The Chatham Island birds have but faint traces of rufous bars on the inner web of the second tail feather, thus agreeing, I suppose, with the Australian species and not with the one from New Zealand, but I have no Australian specimens for comparison.
Rallus? modestus, Hutton.
R. modestus, Hutton, “Ibis,” July, 1872.
Olivaceous brown, bases of the feathers plumbeous; feathers of the breast slightly tipped with pale fulvous, those of the abdomen and flanks with two narrow bars of the same colour; throat dark grey, each feather slightly tipped with brown; quills soft and short, brown, the first three faintly barred with reddish fulvous; fourth and fifth quills the longest; tail very short and soft, brown; irides light brown; bill longer than the head, rather slender, curved downwards, brown; legs dark brown (dry).
Length, 8.75 in.; wing, 3.15; bill from gape, 1.4; tarsus, 1; middle toe and claw, 1.4.
Young covered with brownish black down.
This curious bird was found on Mangare only; it will, doubtless, form the type of a new genus, as no other rail has a curved bill.
Halodroma berardii, Quoy.
Pelecanoides berardii, Q. and G., “Voy. de l'Uran.,” Zool., pl. 31. Pl. col. 517.
This species is distinguished from H. urinatrix by its narrow bill, which is only .17 inches in breadth at the end of the nasal tubes, while in H. urinatrix it is .25 in.
Phalacrocorax carunculatus, Gml.
Graculus cirrhatus, Gray, “Voy.

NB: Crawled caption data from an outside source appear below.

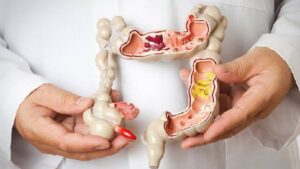 Táo bón mạn tính là gì? Dấu hiệu, nguyên nhân và cách xử lý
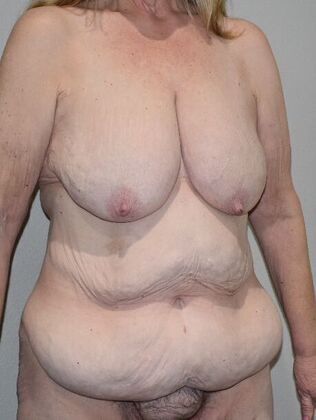 Mommy Makeover: Case 336 - Before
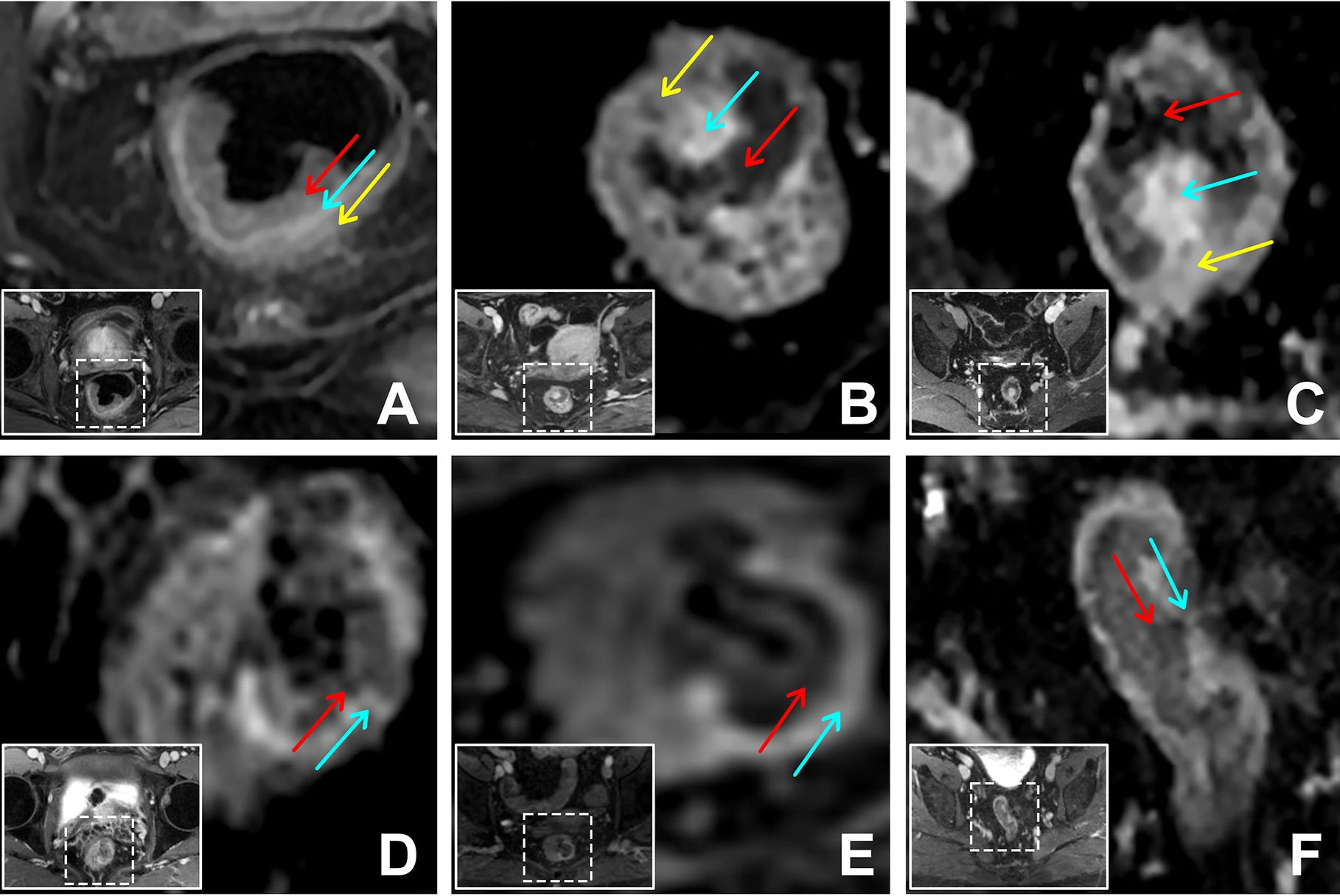 2025 12 23 Dark Light Dark Sign Thumbnail
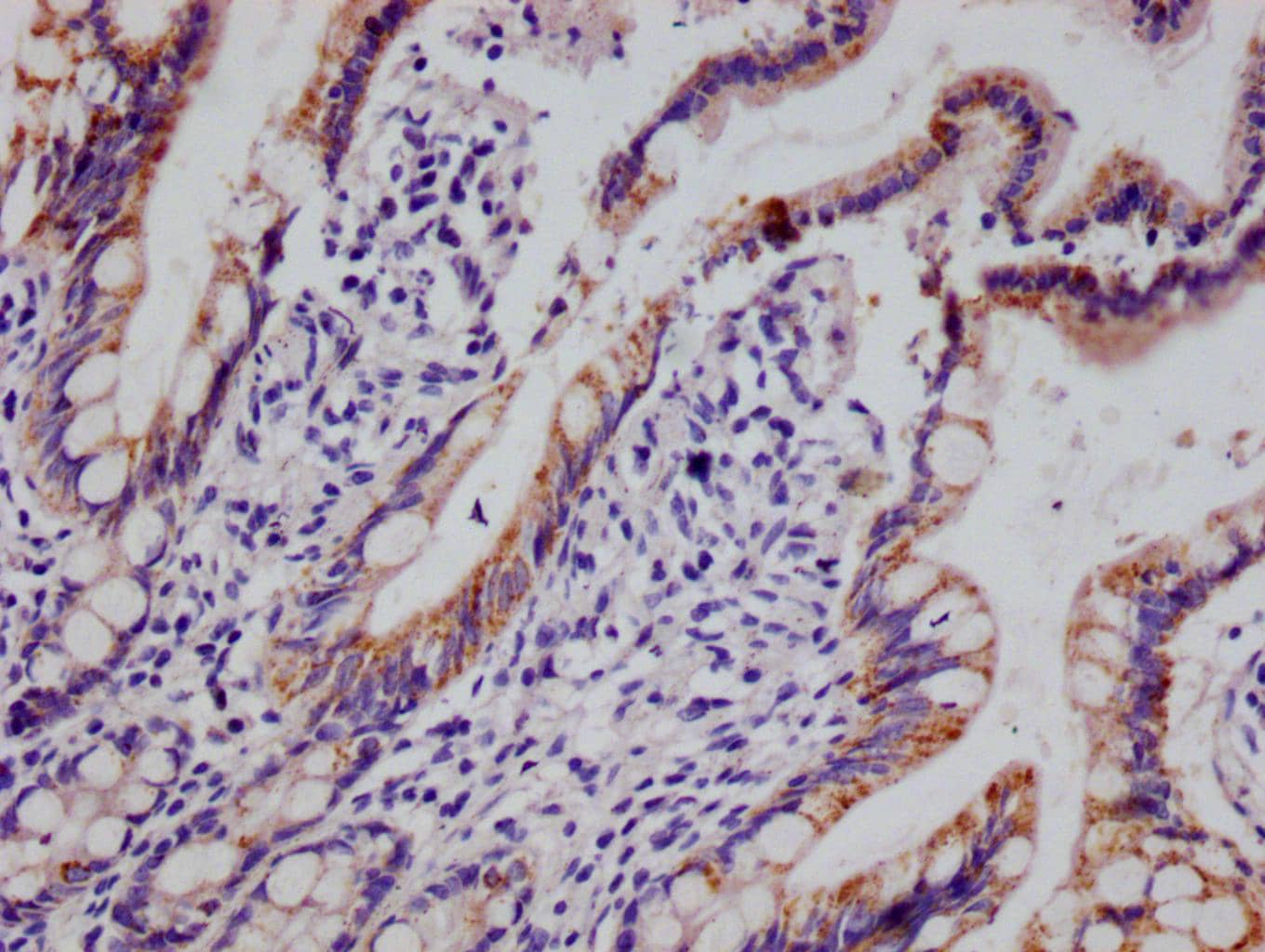 Immunohistochemistry: HMGCS2 Antibody (19C11) [NBP3-26223] - Image of HMGCS2 Antibody (19C11) diluted at 1:100 and staining in paraffin-embedded human small intestine tissue performed. After dewaxing and hydration, antigen retrieval was mediated by high pressure in a citrate buffer (pH 6.0). Section was blocked with 10% normal goat serum 30min at RT. Then primary antibody (1% BSA) was incubated at 4°C overnight. The primary is detected by a Goat anti-rabbit polymer IgG labeled by HRP and visualized using 0.05% DAB.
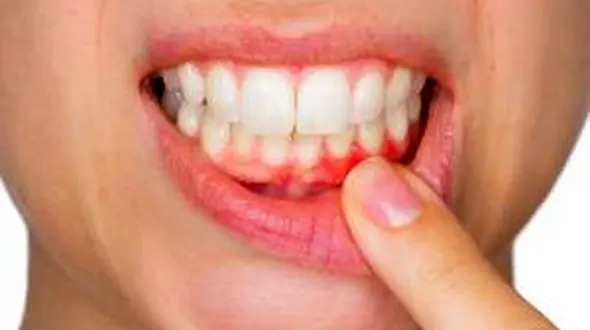 تهدید کبد با بیماری های دندان و لثه 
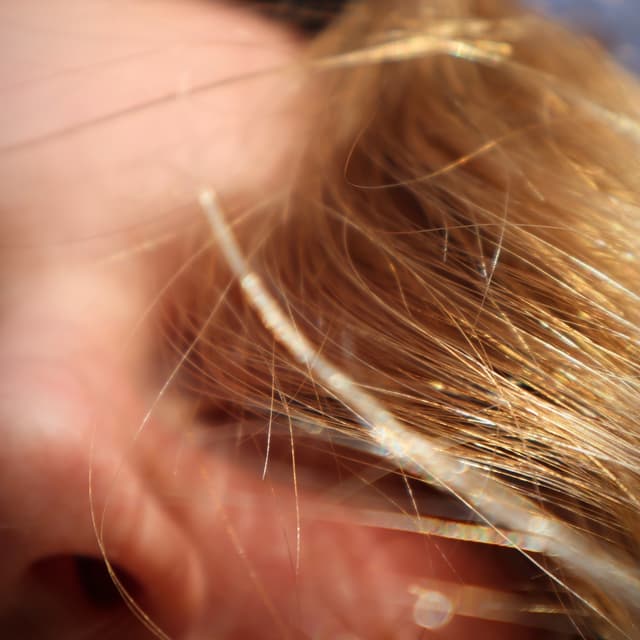 Album cover art for Golden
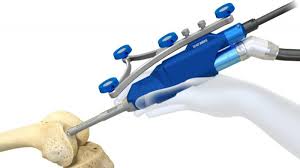 Knee Replacement Surgery in Narayanpur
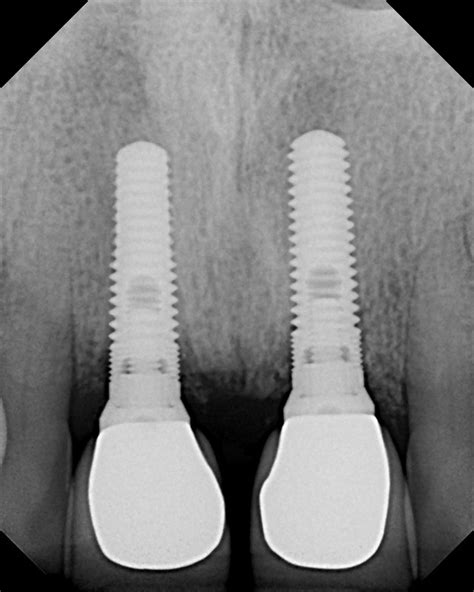 Dental Implant X-rays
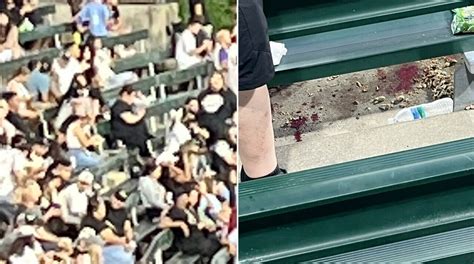 Lawyer for woman injured in White Sox shooting denies she brought firearm into the ballpark as police continue their investigation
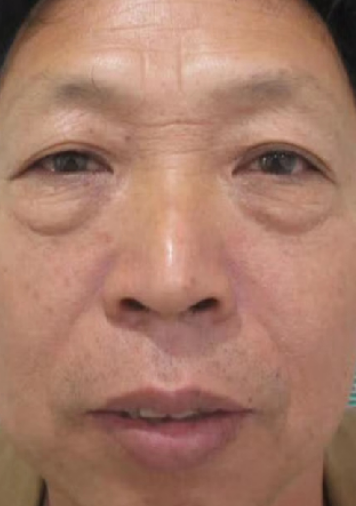 去眼袋手术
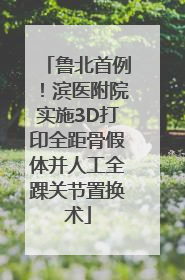 鲁北首例！滨医附院实施3D打印全距骨假体并人工全踝关节置换术
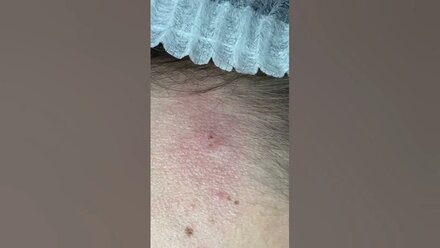 Удаление новообразований в клинике Laserplanet.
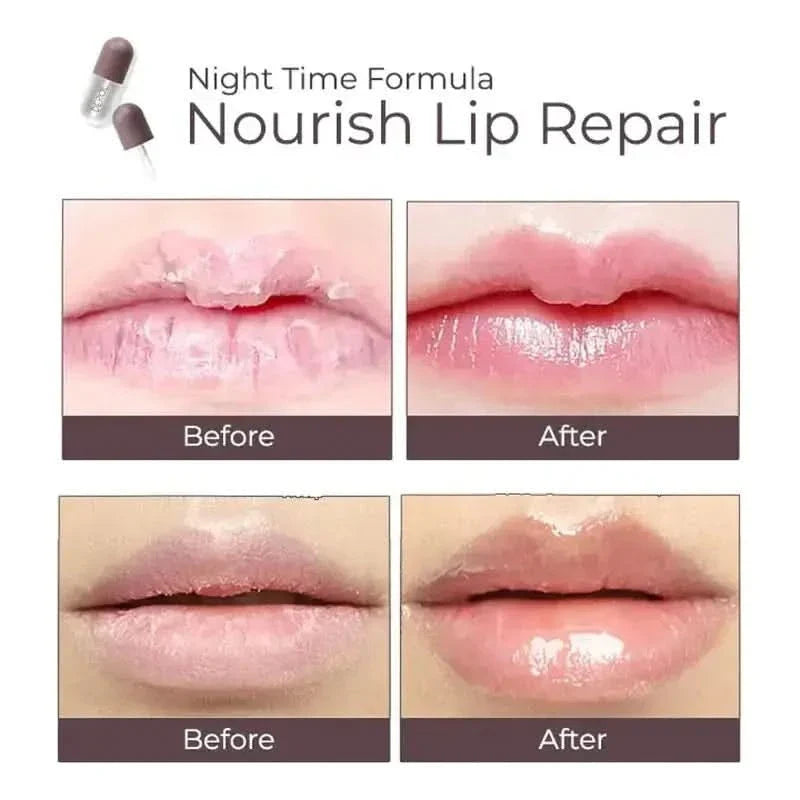 DEROL™ Lip Plumper Kit | Day & Night Lip Treatment - Vegan & Cruelty - Free - Glam Global UKDEROL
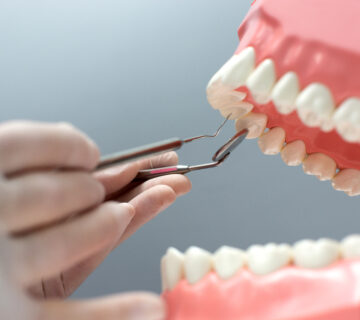 زراعة الأسنان في مصر 2025- خطوات زراعة الأسنان بالصور: من الاستشارة إلى التعافي فى عيادة اسنان دكتورة هبة العدل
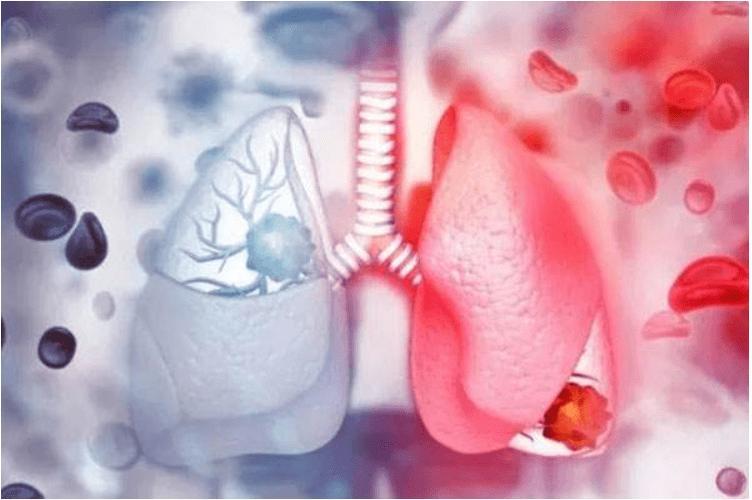 肺癌抗癌7年的真实经历,肺癌晚期10年抗癌成功案例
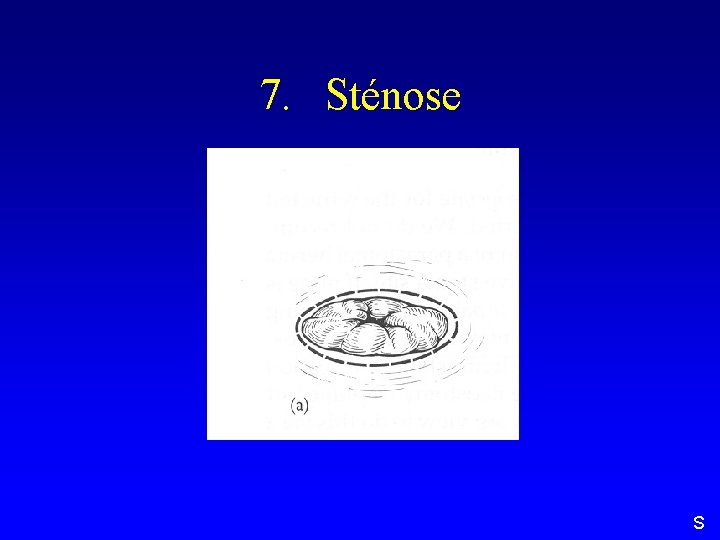 7. Sténose S 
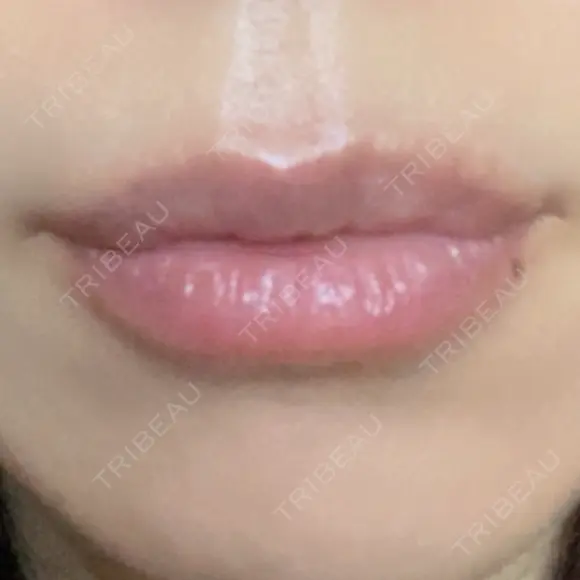 ヒアルロン酸注入（唇） アネシス美容クリニック BEFORE メイン用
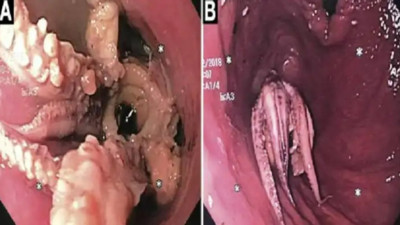 Kusma şikayeti ile hastaneye giden adamın boğazından ahtapot çıktı!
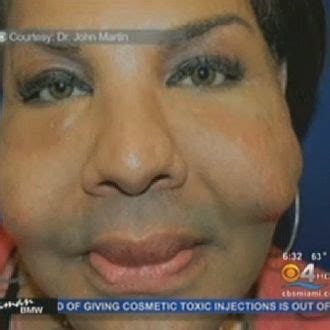 See A Botched Plastic Surgery Victim Whose Face Might Be Filled With Cement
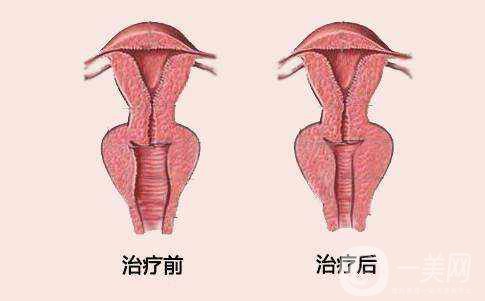陰道緊縮手術(shù)的危害和原理分別是什么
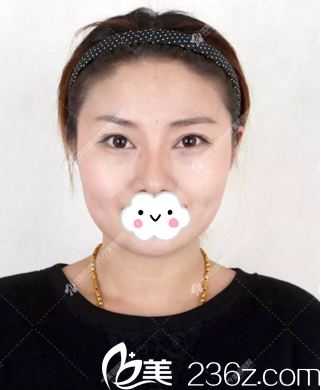 术后20天恢复情况 术后20天恢复情况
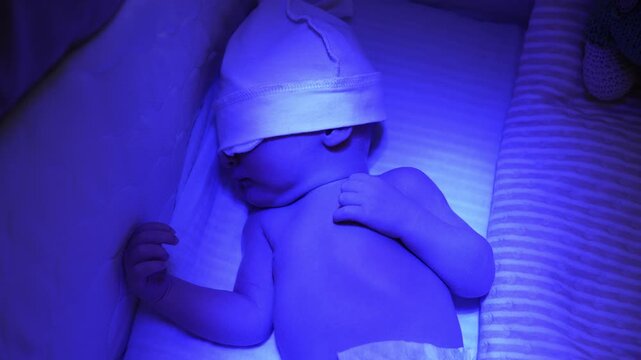 Tiny newborn baby receiving phototherapy treatment for jaundice while sleeping in a bassinet, the blue light lamp helping to reduce high levels of bilirubin in the infant's blood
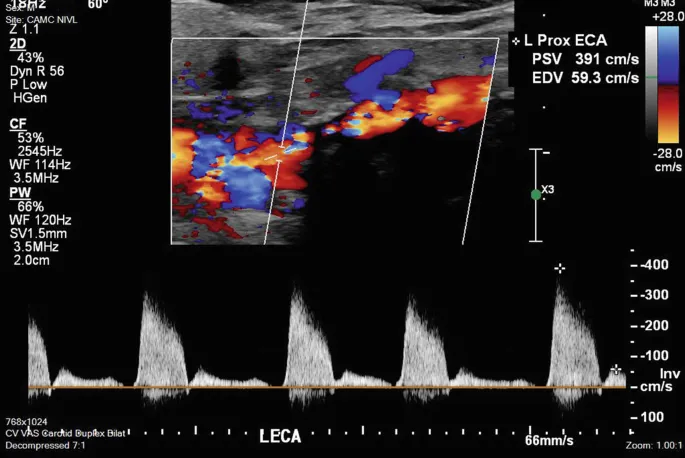 Carotid Duplex Ultrasound with Stenosis and Turbulent Flow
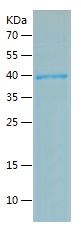    BRCA2 / Recombinant Human BRCA2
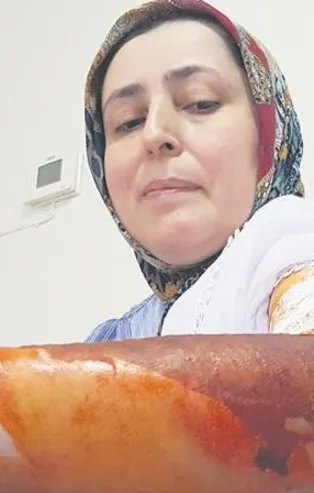 Karabük'te cani koca, eşini kaynar suyla haşladı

Ereb. and Terr.,” Birds, p. 19.
Several specimens were obtained. Legs and feet flesh coloured.
Length, 27.5 in.; wing, 10.5; bill, 3.25; tarsus, 2.
As soon as the breeding season is over they lose the dark blue-black on the back, and get instead brown with a broad white transverse band.
Phalacrocorax africanus, Gml.?
Graculus africanus? Hutton, “Ibis,” July, 1872.
Head, neck, throat, lower part of the back, thighs, vent, and over the tail, dark blue- or green-black; upper back and wing-coverts greenish bronzy brown, each feather with a black apex; breast and abdomen grey; quills and tail brownish black; head crested; neek ornamented with white feathers in the breeding season; bill dark coloured; legs and feet yellowish orange.
Length 19 in.; wing, 9.5; bill, 2.75; tarsus 2.
In the “Ibis” for last July I referred this beautiful species to G. africanus with some doubt, as the only descriptions available, those of Linnæus, Cuvier, and Layard, in his “Birds of South Africa,” were very short and disagreed among themselves, but still seemed to indicate a bird very like ours. By the last mail, however, I heard from Dr. Finsch that Dr. Buller has sent him a specimen for examination, and that he (Dr. Finsch) considered it as a new species; it is certainly distinct from G. longicaudus, Swainson (“B. of Africa,” II., p. 253) which Mr. Gray considered the same as G. africanus. It is also found in New Zealand, for I have seen fragments in a lady's hat of a specimen that was shot at the Wade near Auckland.